令和6年1月1日以降の生前贈与について、税制改正の影響にご注意ください。(暦年贈与・相続時精算課税制度)

2023/10/15

 以前にもご紹介させて頂きましたが、令和6年が近づいてきたこともありますので再度、生前贈与制度についての税制改正の内容について、記載させて頂こうかと思います。今回の改正の内容については、以前の記事や国税庁より発表されております「税制改正のあらまし」を見て頂ければ、ご理解頂けるのではないかと思っております。

 概要だけ記載させて頂きますと、贈与には「暦年課税制度」と「相続時精算課税制度」の二つの課税方式があり、税制改正によりいずれの制度も見直しが行われました。

 「暦年課税制度」は相続や遺言で財産を取得した人が相続開始前3年以内に贈与により財産を取得した場合には、相続開始前3年以内の生前贈与財産が相続財産に足し戻されます。今回はこの相続開始前3年以内が相続開始前7年以内に延長されました。

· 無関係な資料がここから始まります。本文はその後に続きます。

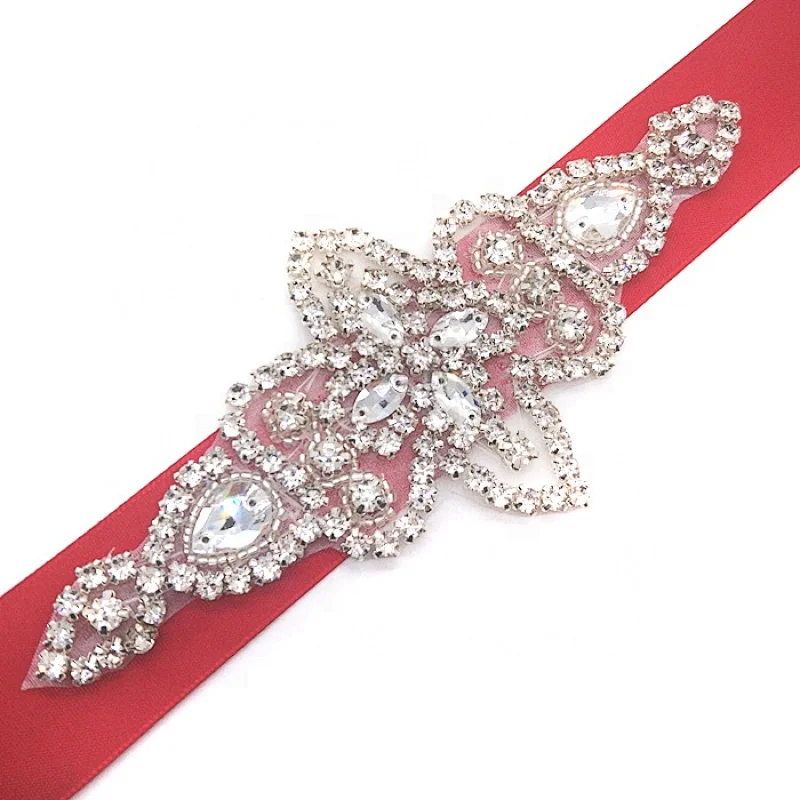 China manufacturer Handmade Beaded Crystal Rhinestone Applique For Bridal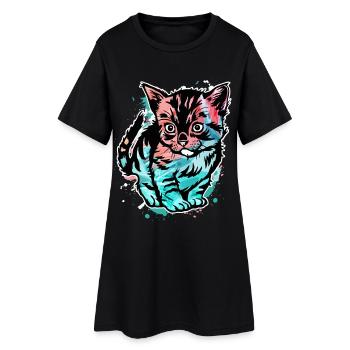 Cat Colorful - Women’s T-Shirt Dress - black - Front
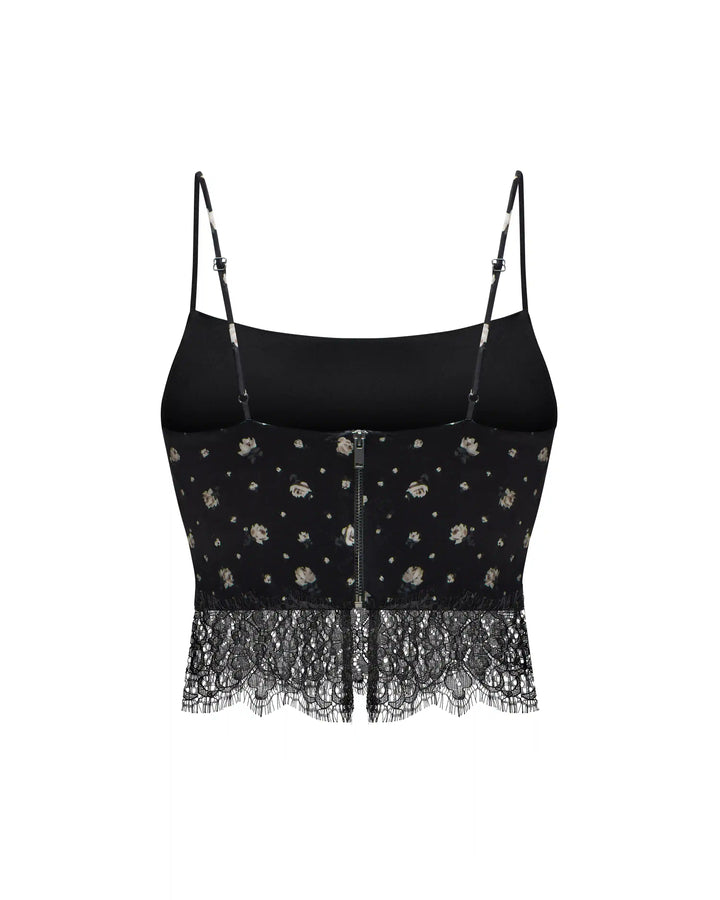 Cassie, top made of black satin with small floral print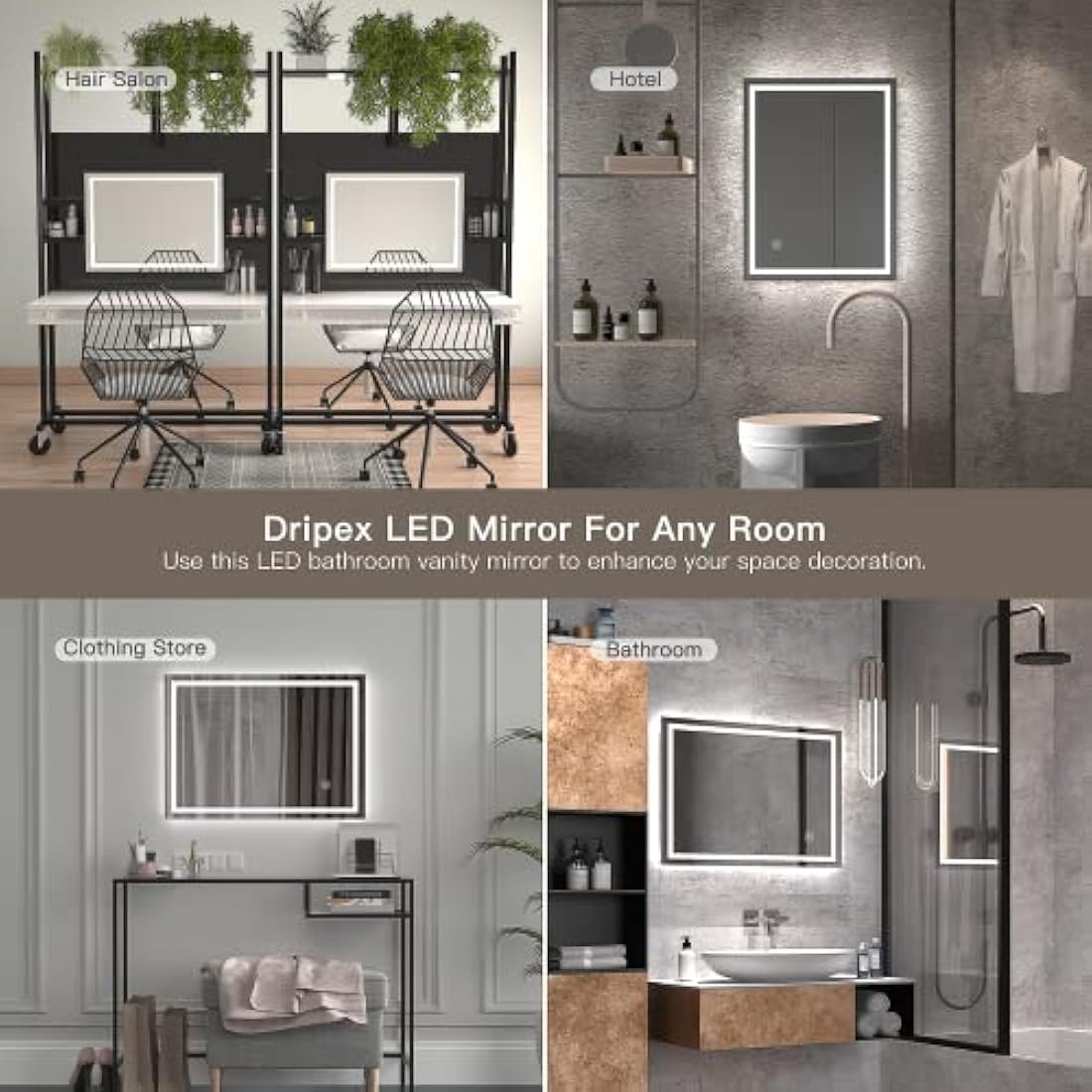 Dripex Bathroom Mirror with LED Lights, 500 * 700 MM Illuminated Bathroom Mirror Wall Mounted Vanity Mirror, Bathroom Light Mirror with Demister Pad, Horizontal/Vertical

 「相続時精算課税制度」とは、一定の要件を満たす直系(親子又は祖父母の関係)血族間での贈与に限定されるのですが、税務署に届出書を提出し申告することで、この制度を選択したことになります。一旦この制度を採用すると、上記の「暦年課税制度」に戻ることはできません。また、この制度を採用すると過去何年前の贈与であっても、この制度を選択して以降の生前贈与財産は全て相続財産に足し戻すため、必ず相続税申告書に生前贈与財産の計上が必要となります。しかし、税制改正により基礎控除を新たに創設し、年間110万円までの生前贈与財産は、相続税申告書に記載しなくて済むようになりました。

今後の対応

 

 暦年贈与の生前贈与加算の加算対象の年数が相続開始前3年以内から7年以内に延長されたこと及び相続時精算課税制度に新たに控除額110万円が設けられたことを受け、今後の生前贈与の対応については次のような対応が考えられます。

① 相続人以外へ贈与を行う(暦年贈与)

 「暦年課税制度の相続開始前3年以内の贈与財産(改正後:7年)については相続財産に加算する」という規定になっておりますが、一つ前提がございます。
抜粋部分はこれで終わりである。